As a child, Lee attended Monroe County High School. During that period, she got interested in English literature. Upon graduation in 1944, she studied in Huntingdon College in Montgomery during one year, and later entered the University of Alabama in Tuscaloosa. There Lee studied law for a few years and wrote articles for a local magazine. However, she left the University without obtaining a degree.

In 1948, she was a student at a summer school at Oxford University. Her father hoped that she would continue her legal studies, but in 1949 she moved to New York, where she started working as an airline reservation agent for Eastern Air Lines and BOAC.

Nevertheless, she continued writing in her free time. After she wrote a number of long stories, she managed to find a literary agent in 1956.

When her friends presented her with an amount of money equal to her year’s earnings as a gift for Christmas, telling her she had a year to write whatever she pleased, she got an opportunity to finally become a professional writer.

In the spring of 1957 a manuscript of her novel was ready. It was originally titled Go Set a Watchman.

The publishing house J. B. Lippincott Company agreed to publish it, but they told it required a lot of editing. For 3 following years the writer collaborated with the company’s editor Tay Hohoff (Therese von Hohoff Torrey) who helped her to give the book its final form. A new title for the novel was chosen – To Kill a Mockingbird. Before publishing her book, Nelle Harper Lee adopted a shorter pen name Harper Lee.

The book was published in 1960 and became an immediate success, to the great surprise of its author. It was awarded the Pulitzer Prize for Fiction in 1961. The book still remains a bestseller. The novel was called the “Best Novel of the Century” by the Library Journal in 1999.

After Lee finished the novel, she and Truman Capote traveled to Holcomb, Kansas, to research the reaction of the town residents to the murder of a local farmer and his family members. The material they collected was then used by Capote to write his bestseller non-fiction novel In Cold Blood, published in 1966.
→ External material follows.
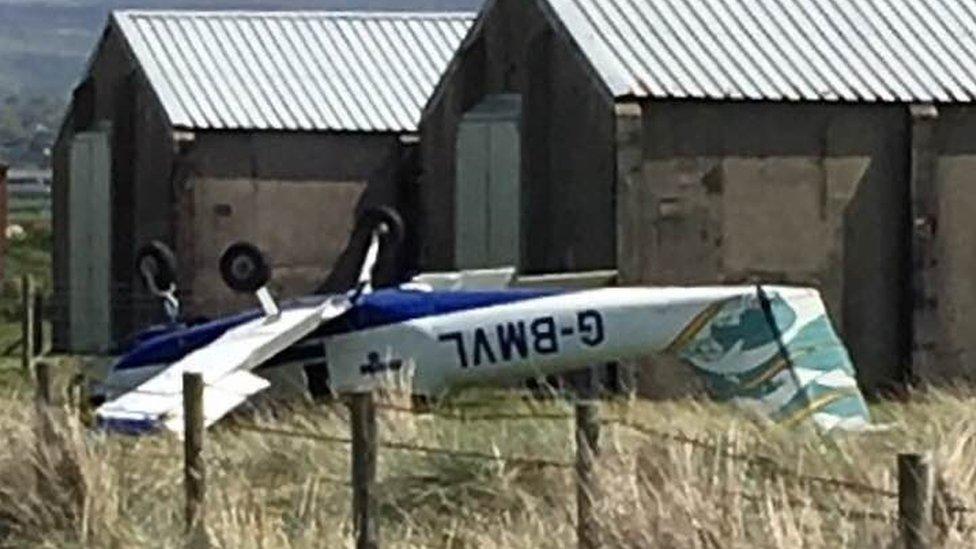 The light aircraft crash at Caernarfon Airport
After publishing her unexpectedly famous novel, Harper Lee almost completely disappeared from public view.

In 1966, she was appointed to the National Council on the Arts by the Lyndon B. Johnson, the President of the United States at the time.

Although the writer accepted the awards provided to her, she rarely spoke in public and despite working on several other books, never completed any. The only writings she published were short essays and articles.
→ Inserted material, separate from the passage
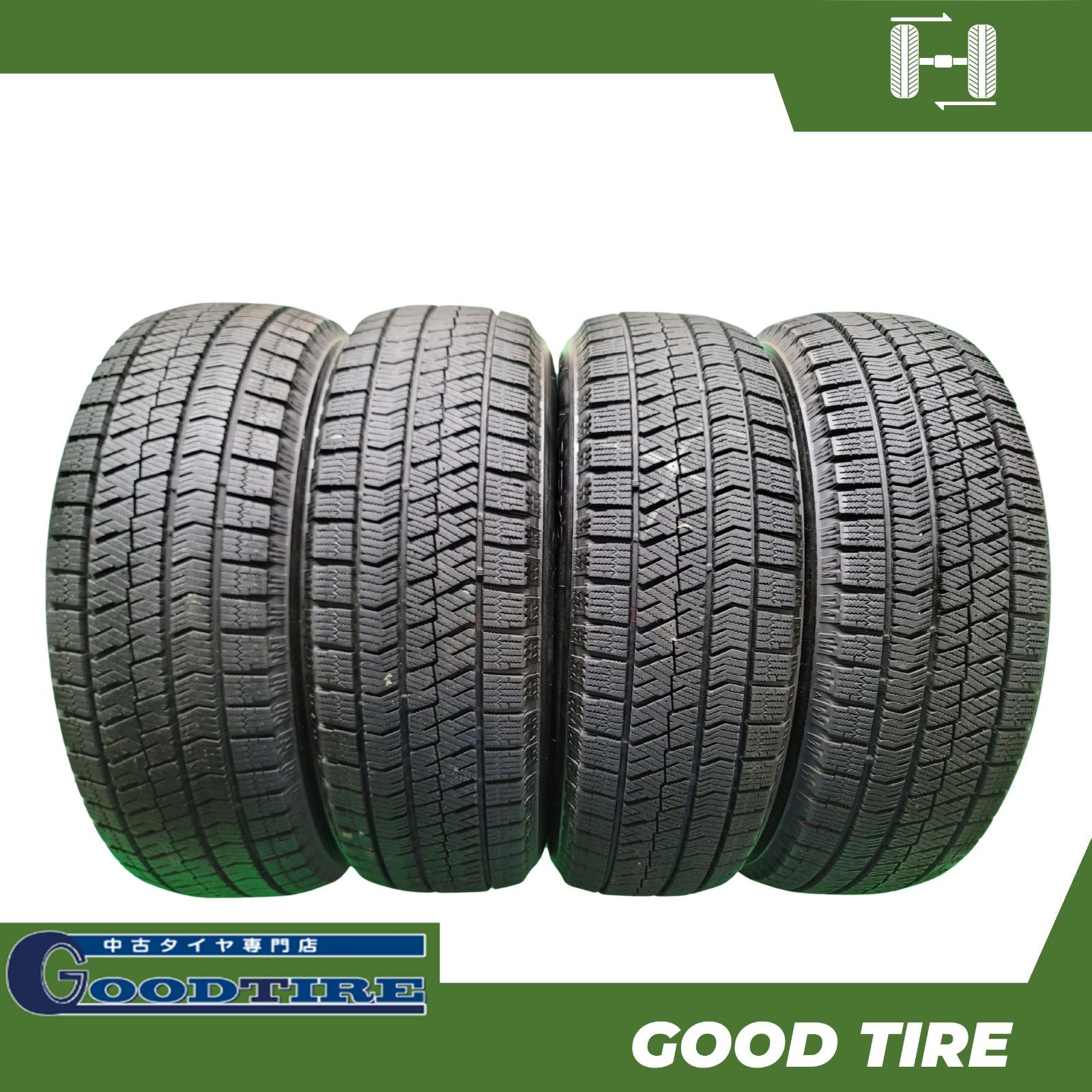 185 60R15 ブリヂストン BLIZZAK VRX2 4本 製 冬用 8分山 タイヤ スタッドレスタイヤ アクア フィット ノート 6942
In 2005, Lee received the inaugural ATTY Award for positive depictions of lawyers in her book from the Spector Gadon & Rosen Foundation. The same year she also accepted the Los Angeles Public Library Literary Award.

One year later, in 2006, she accepted an honorary degree from the University of Notre Dame.

In 2007, she was awarded the Presidential Medal of Freedom, the highest civilian award in the US, by the President George W. Bush.

In 2010, she was presented with the National Medal of Arts by Barack Obama.

In 2011, a manuscript of Go Set a Watchman was found in Harper Lee’s safe-deposit box by her lawyer Tonja Carter. In 2014, a decision was made to publish it, and in 2015 the book was published as a sequel to To Kill a Mockingbird, despite actually being an early draft of the latter. The books differ in plot, but there are many same phrases and passages found in both of them.

The Go Set a Watchman was the last published book in the writer’s lifetime. Harper Lee died on February 19, 2016, aged 89.

List of Writing

Books

  1. To Kill a Mockingbird (1960)
  2. Go Set a Watchman (2015)

Articles

  1. “Love—In Other Words”. Vogue. April 15, 1961. pp. 64–65.
  2. “Christmas to Me”. McCall’s. December 1961.
  3. “When Children Discover America”. McCall’s. August 1965.
  4. “Romance and High Adventure”. 1983. A paper presented in Eufaula, Alabama, and collected in the anthology Clearings in the Thicket (1985).
  5. “Open letter to Oprah Winfrey”. O: The Oprah Magazine. July 2006.